** Opening Extracted material block **

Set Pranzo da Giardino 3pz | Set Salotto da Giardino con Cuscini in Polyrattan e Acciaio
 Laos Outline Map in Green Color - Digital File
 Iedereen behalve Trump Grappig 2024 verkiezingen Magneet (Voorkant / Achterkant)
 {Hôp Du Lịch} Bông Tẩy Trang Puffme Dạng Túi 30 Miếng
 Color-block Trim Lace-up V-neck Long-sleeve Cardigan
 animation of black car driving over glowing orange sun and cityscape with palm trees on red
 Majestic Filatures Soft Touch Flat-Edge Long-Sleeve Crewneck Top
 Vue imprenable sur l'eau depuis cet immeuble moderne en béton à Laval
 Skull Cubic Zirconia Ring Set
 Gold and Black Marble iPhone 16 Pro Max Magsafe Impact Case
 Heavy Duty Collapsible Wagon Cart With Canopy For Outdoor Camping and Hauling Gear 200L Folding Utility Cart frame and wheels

** Closing Extracted material block **

### Aim of the task
Each line from the one containing "Iedereen behalve Trump" through the last line of the material must be restated word for word, with no other text.

### Response to the exercise
 Iedereen behalve Trump Grappig 2024 verkiezingen Magneet (Voorkant / Achterkant)
 {Hôp Du Lịch} Bông Tẩy Trang Puffme Dạng Túi 30 Miếng
 Color-block Trim Lace-up V-neck Long-sleeve Cardigan
 animation of black car driving over glowing orange sun and cityscape with palm trees on red
 Majestic Filatures Soft Touch Flat-Edge Long-Sleeve Crewneck Top
 Vue imprenable sur l'eau depuis cet immeuble moderne en béton à Laval
 Skull Cubic Zirconia Ring Set
 Gold and Black Marble iPhone 16 Pro Max Magsafe Impact Case
 Heavy Duty Collapsible Wagon Cart With Canopy For Outdoor Camping and Hauling Gear 200L Folding Utility Cart frame and wheels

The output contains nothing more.